We should also disabuse ourselves from another habit which has crept into our polity. For so long have national affairs been conducted by governments bypassing the law that we have forgotten it is always the writ of law that is sought to be enforced by governments and not their own writ. Governments have no mandate other than to enforce the writ of law in their jurisdiction and not the wishes of individual players in their ranks. Without the rule of law guiding them, politics and governance often get reduced to exercises in self-perpetuation as was witnessed in Karachi.
By the way, since when has anybody, including MNAs and MPAs, acquired the right to deny freedom of speech and movement to other citizens — much less to the Chief Justice of Pakistan? It was this attitude and the measures to enforce it with ‘non-functional’ law-enforcement machinery that ushered in the mayhem of May 12.
Sick with manipulations and shenanigans, people have been standing in rallies for hours during hot summer days and nights to record their anger and protests, not only in favour of the CJP but to also urge that this government should conduct politics and governance, according to the law and respect judicial independence.
The fact that they did not come out in similar numbers when elected governments and parliaments were overthrown also tells of their disillusionment with unfulfilled promises of the rule of law, with equal opportunities for all and managing national resources as a trust for their wellbeing, free from cronyism and corruption.

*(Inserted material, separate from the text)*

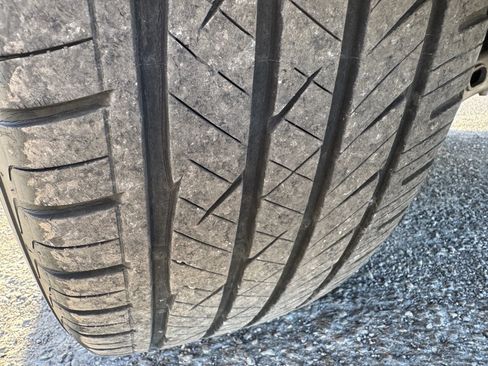 Used 2020 Land Rover Discovery Sport SE image 10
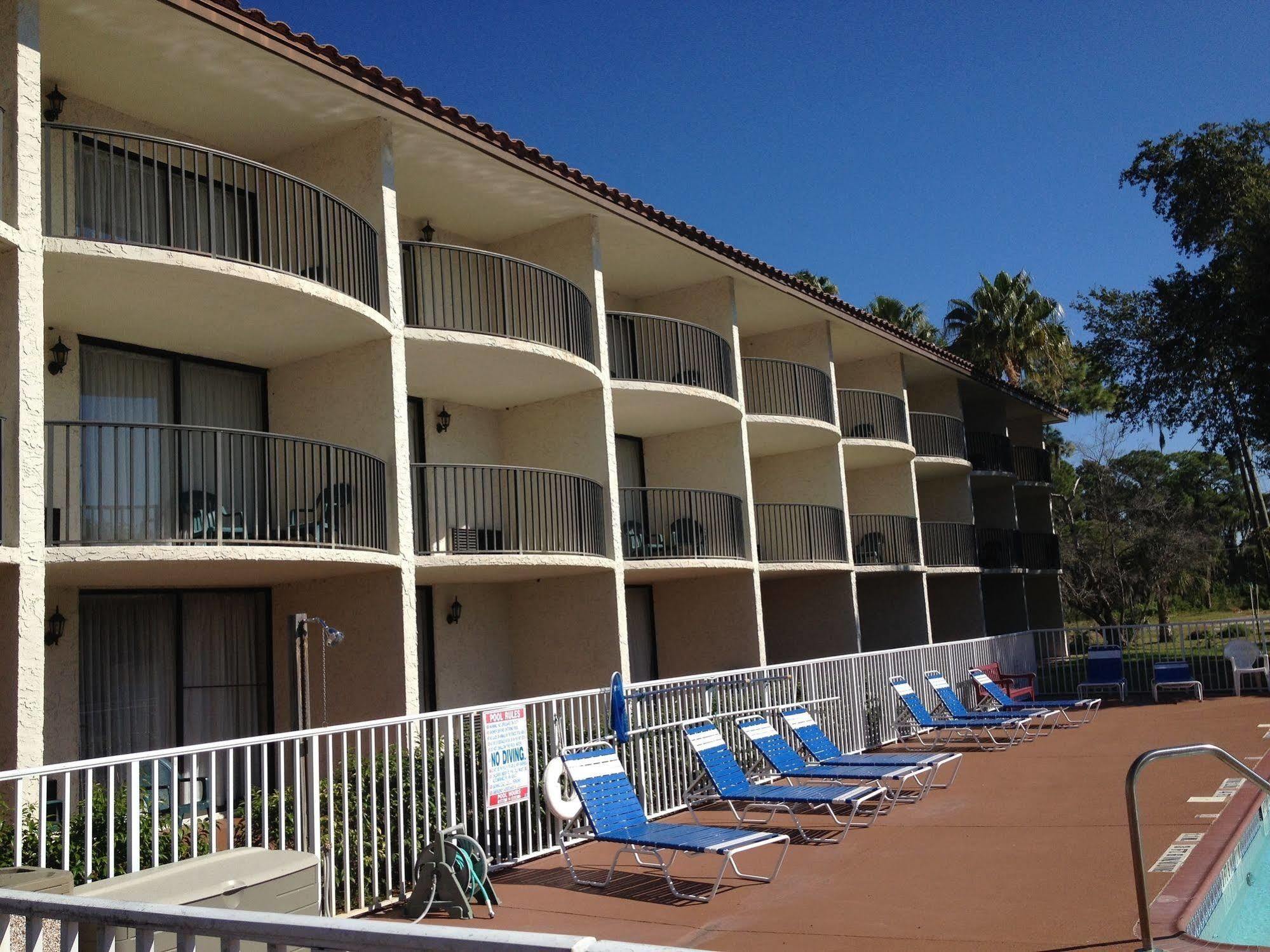 Vista Inn Lake Tarpon Palm Harbor Bagian luar foto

In the upcoming months, it is incumbent on everyone — more so the people in authority — to let the rule of law and judicial independence guide the politics and governance of the country so that the ship of state can safely navigate through the stormy seas ahead. Both internal and external forces would be keeping a vigil to see if the rules of the game are being observed.
Pakistanis must rid themselves of models of medieval governance. Neither men on horseback who want “unity of command”’ over everything in the domain nor civilian leaders pretending to be ‘ameerul momineen’ and lording over all things temporal can deliver them from crises.

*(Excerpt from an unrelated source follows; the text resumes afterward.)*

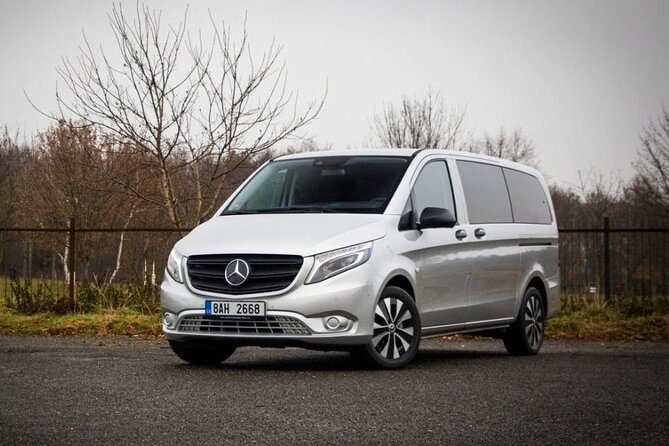 Private Transfer from Prague Airport to Prague City Hotels 1 - 7 pax - Who will get the most from this transfer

They must realise that governance is conducted by ordinary mortals who are agents of the people and accountable to them through periodic elections and answerable to the laws of land, not by anyone pretending to be guided by a divine mission or possessing supernatural attributes.
That is where the significance of the lawyers’ movement lies and the need for a strong and independent judiciary to hold politics and governance accountable to the law.
Will they deliver, be hijacked, undermined or overwhelmed? The next few months will tell. But the movement has captured the imagination of the masses because in their heart of hearts they feel that it is trying to finish the incomplete agenda of the struggle for the independence of Pakistan, which must become a republic of the law if it wants to become a peaceful and prosperous republic of the people.
The writer is a former head of Board of Investment and federal secretary.